By L.A. Weekly Music Critics
Wednesday, April 16, 2008 - 9:00 pm


Also playing Monday:

Brad Miller

Horse latitudes: The Black Heart Procession

RADARS TO THE SKY at the Echo; THE MONOLATORS at Pehrspace; GO BETTY GO at Silverlake Lounge.


TUESDAY, APRIL 22

 
The Virginia City Revival at Safari Sam’s

For almost as long as there have been hypocritical preachers, snake-oil salesmen and tent-show revivalists, it seems like there have been an equal number of old-timey rock & roll parodists. The Virginia City Revival are the latest in a long line of pseudo-redneck visionaries that stretches back to such bands as the Hickoids and the Southern Restoration Society, and, while VCR’s brand of blasphemy and goofy irreverence probably isn’t all that shocking anymore even in the Bible Belt, they still crank out a rip-roaring good time. The strained title of the group’s 2007 CD, A Bandin’ the Herd, is punny without actually being funny, much like “Congo Lisa,” an ode to jungle fever in the White House that is more cute than outrageous. VCR are fronted by the Rev. Josey DeVille, who sings in the highly mannered, exaggerated slack-jaw drawl so typical of this genre’s faux-preacher types, but what really makes the band go is drag-queen lead guitarist Gaby Godhead (ex–Haunted Garage), whose sizzling solos elevate the songs from jivey satire into something that really rocks. (Falling James)


Also playing Tuesday:

KANYE WEST, RIHANNA, N.E.R.D., LUPE FIASCO at Nokia Theatre; B-SIDE PLAYERS at Cal State L.A., noon; SWEET HONEY IN THE ROCK at Cerritos Center; MICHAEL FRANTI at Wilshire Center, 3 p.m.; INDIAN JEWELRY at the Echo; 2 LIVE CREW at Malibu Inn; OLIVER FUTURE, KÁRIN TATOYAN at the Troubadour.


WEDNESDAY, APRIL 23


Lucinda Williams, Zack de la Rocha, John Doe at Skirball Cultural Center

“I ain’t looking to... analyze you, categorize you... define you or confine you,” Bob Dylan once sang on “All I Really Want to Do,” and later, on “John Wesley Harding,” he warned, “There was no man around who could track or chain him down.” Nonetheless, a host of musical acolytes will attempt to track Dylan down and define him at tonight’s Skirball tribute, “Like a Complete Unknown.” Folks have been covering, uncovering, interpreting, misinterpreting, analyzing and over-analyzing Dylan’s tunes since the early ’60s, and his music has remained stubbornly timeless and yet open to wild mutations.

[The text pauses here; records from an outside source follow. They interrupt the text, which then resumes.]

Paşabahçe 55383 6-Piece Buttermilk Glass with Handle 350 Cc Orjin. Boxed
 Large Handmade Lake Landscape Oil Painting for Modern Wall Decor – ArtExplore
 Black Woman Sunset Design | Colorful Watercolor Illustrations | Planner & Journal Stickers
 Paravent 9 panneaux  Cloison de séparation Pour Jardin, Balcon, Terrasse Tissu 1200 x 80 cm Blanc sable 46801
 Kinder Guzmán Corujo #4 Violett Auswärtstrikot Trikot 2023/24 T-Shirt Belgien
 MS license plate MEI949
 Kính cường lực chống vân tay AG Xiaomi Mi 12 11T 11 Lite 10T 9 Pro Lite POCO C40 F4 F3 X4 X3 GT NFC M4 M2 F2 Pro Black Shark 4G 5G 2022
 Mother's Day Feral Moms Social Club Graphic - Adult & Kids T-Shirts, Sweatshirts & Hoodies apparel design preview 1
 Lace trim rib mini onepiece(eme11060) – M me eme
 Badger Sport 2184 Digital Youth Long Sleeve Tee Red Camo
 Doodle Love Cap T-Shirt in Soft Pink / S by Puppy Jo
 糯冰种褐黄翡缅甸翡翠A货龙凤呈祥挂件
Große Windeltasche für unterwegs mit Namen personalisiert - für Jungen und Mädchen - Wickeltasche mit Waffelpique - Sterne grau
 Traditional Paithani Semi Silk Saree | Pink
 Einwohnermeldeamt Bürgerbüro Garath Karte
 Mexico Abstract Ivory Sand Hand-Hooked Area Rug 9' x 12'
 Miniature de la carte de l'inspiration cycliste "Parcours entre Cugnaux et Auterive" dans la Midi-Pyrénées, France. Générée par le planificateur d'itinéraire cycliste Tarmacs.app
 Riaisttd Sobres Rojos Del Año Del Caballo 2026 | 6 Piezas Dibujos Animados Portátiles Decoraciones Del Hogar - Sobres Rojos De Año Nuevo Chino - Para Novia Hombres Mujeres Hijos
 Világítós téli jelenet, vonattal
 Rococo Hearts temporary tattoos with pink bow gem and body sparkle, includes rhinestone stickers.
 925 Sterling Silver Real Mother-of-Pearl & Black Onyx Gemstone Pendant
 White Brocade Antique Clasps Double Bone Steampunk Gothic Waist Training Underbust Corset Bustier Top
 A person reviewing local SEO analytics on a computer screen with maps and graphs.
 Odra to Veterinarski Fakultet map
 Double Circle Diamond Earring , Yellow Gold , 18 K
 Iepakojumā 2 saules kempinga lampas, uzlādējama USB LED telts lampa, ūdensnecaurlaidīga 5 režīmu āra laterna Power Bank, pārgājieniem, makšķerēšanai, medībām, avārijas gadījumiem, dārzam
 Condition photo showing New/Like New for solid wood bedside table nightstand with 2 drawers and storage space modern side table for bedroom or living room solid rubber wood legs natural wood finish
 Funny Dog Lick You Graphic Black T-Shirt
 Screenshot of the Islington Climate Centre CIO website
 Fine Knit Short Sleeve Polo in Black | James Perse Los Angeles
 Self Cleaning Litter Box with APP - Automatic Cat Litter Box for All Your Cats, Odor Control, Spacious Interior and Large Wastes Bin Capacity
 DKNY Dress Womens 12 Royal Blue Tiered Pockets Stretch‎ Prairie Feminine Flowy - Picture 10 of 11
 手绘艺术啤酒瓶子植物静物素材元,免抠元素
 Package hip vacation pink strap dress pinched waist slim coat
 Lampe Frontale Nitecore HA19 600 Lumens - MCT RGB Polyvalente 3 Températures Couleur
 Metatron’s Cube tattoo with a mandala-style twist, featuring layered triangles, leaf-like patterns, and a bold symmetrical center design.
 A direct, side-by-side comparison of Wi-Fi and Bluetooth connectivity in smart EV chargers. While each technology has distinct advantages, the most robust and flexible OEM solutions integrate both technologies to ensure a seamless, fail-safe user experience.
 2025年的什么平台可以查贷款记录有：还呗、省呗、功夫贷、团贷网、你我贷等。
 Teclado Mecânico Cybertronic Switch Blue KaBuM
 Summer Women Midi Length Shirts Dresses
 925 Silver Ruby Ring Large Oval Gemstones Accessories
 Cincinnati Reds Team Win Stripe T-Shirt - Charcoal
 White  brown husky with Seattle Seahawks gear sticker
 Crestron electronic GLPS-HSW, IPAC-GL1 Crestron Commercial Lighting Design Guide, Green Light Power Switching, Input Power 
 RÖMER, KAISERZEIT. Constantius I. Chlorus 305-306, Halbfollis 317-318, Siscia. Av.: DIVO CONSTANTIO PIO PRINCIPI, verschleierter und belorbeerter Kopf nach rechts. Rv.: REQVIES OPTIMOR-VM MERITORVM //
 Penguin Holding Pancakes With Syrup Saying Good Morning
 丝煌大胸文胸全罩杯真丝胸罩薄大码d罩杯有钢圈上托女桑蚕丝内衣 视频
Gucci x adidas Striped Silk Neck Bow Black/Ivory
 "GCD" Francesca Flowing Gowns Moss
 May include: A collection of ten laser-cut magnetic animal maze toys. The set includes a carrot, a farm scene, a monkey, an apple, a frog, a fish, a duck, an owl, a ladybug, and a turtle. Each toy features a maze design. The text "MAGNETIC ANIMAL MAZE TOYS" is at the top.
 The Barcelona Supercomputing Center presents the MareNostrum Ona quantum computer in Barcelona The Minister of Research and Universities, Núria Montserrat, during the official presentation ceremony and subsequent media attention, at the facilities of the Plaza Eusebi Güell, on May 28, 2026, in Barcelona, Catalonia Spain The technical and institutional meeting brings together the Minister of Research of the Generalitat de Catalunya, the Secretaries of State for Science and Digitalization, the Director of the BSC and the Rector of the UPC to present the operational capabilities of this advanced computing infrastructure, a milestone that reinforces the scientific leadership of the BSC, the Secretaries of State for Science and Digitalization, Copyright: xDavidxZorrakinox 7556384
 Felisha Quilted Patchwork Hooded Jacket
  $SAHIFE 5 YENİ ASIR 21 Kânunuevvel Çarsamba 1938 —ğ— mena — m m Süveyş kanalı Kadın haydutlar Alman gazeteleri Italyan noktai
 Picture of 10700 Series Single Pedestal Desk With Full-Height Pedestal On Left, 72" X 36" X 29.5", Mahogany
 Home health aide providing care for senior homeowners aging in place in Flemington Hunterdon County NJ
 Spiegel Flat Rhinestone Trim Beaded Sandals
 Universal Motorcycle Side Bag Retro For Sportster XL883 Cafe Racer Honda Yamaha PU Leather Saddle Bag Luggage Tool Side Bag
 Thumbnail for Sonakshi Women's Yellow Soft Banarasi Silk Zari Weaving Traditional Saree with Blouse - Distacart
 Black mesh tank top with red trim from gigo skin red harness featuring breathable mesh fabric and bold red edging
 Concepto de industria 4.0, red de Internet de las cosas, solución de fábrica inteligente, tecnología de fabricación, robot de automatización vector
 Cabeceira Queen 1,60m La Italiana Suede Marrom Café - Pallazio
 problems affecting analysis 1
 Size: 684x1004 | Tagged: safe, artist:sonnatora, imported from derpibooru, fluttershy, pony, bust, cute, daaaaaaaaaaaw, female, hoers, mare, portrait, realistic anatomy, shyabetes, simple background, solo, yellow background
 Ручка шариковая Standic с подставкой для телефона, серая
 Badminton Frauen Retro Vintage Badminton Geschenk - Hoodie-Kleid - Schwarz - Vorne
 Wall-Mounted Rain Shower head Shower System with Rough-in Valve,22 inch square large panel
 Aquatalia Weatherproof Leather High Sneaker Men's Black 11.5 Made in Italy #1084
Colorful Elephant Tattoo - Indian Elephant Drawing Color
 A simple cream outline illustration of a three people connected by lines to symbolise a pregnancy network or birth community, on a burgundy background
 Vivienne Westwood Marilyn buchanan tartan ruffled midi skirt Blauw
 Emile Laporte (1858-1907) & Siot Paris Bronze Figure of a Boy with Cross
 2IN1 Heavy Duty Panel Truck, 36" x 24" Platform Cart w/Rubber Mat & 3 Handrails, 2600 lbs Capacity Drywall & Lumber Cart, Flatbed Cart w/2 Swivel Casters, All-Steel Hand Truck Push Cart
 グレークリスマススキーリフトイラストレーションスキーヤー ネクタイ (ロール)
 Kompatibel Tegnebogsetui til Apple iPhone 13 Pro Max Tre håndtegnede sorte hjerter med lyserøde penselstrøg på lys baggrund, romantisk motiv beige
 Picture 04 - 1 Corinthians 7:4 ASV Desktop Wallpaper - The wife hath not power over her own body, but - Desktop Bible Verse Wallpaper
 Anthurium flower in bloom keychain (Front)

While tonight’s lineup isn’t as stylistically diverse as one might hope, it should nonetheless be a real kick to see which songs will be covered by Rage Against the Machine’s Zack de la Rocha, X bassist John Doe, Spearhead’s Michael Franti, former Lone Justice waif Maria McKee and the redoubtable country-rock singer Lucinda Williams. Let’s hope they reinvent his songs with the same bravery that Dylan (still) uses to remake himself constantly. (Falling James)


Also playing Wednesday:

CALVIN HARRIS at Henry Fonda Theater; JACKSON BROWNE at Fred Kavli Theatre, Thousand Oaks; NELLIE McKAY at Largo; SARA LOV at Tangier.

THURSDAY, APRIL 24

 
The Black Heart Procession at the Troubadour

“I have waited all these years beneath the snow,” Pall Jenkins croons somberly on “The Waiter #5,” from the Black Heart Procession’s most recent full-length CD, 2006’s The Spell (Touch & Go), and Tobias Nathaniel’s icy piano tinkling perfectly matches the song’s windswept chilliness. “Hiding in the smoke and trees we live,” Jenkins sings enigmatically on “Tangled,” as neat a summary as any for the San Diego band’s sense of foreboding elegance and shrouded mysteriousness. Matt Resovich’s violin quivers on “The Letter” and the title track, adding a layer of exotic restlessness to the aptly named Pall’s wintry obsessions. “Return to Burn” simmers in its own juices as Jenkins’ baleful lap-steel guitar hovers over a placid, funereal backing that’s positively mesmerizing. The BHP are working on an album that’s scheduled to be released by the end of this year, and it’s rumored that they’ll unveil some of their new songs tonight. (Falling James)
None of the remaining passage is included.